There is a second aspect to the harvesting analogy that I thought was amazing. The farmer knows how to treat the crops according to their kind. Wheat must be threshed, not beaten. If you beat wheat it would turn into flour prematurely and the powder would be mixed with the chaff. Cummin, on the other hand, has to be beaten in order to be separated from its plant.
My mind immediately attached this to our continual use of personalities in the process of making disciples. If you are interacting with another human, — whether it be in marriage, friendship, work, church, or parenting — this lesson is applicable. You must treat the person in the way that person must be treated. Some people are wheat, others are cummin. Some people’s personalities are such that they are very emotional and need to treated softly and conscientiously. Others are very logical and don’t respond unless you square off with them and speak pointed truth at their face. The emotionally centered person is like the wheat that must allow the wind to blow away the chaff. The logically centered person is like the cummin that must be beaten in order to be fruitful. If you beat the wheat, it is ruined. If you throw the cummin to the wind it will remain unchanged.

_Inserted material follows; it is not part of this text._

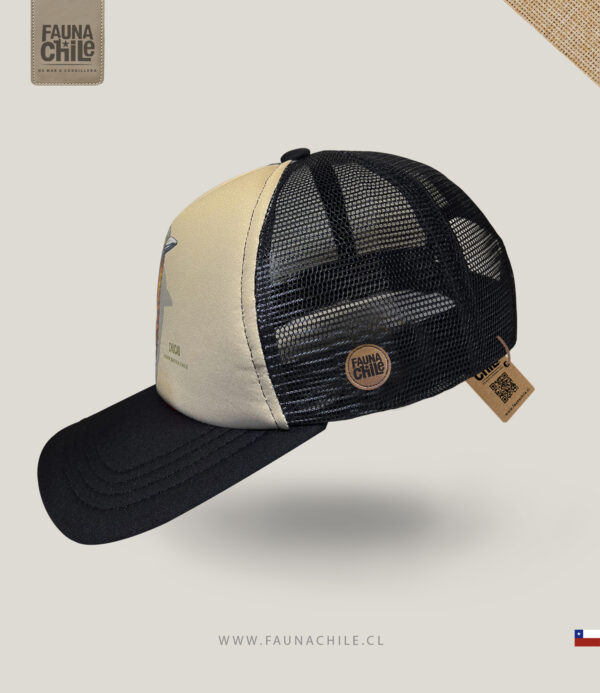 Gorro Chucao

The next time you interact with someone, before you speak, ask yourself, “do I know what kind of personality this person has. Am I about to use the most appropriate method of communicating with them that will be received with openness and teachability. Or, am I about to engage in a painful and destructive interaction.”
Let’s strive, as a community, to take the time to get to know each other’s uniqueness and learn how to enhance each other’s strengths and polish each other’s rough edges.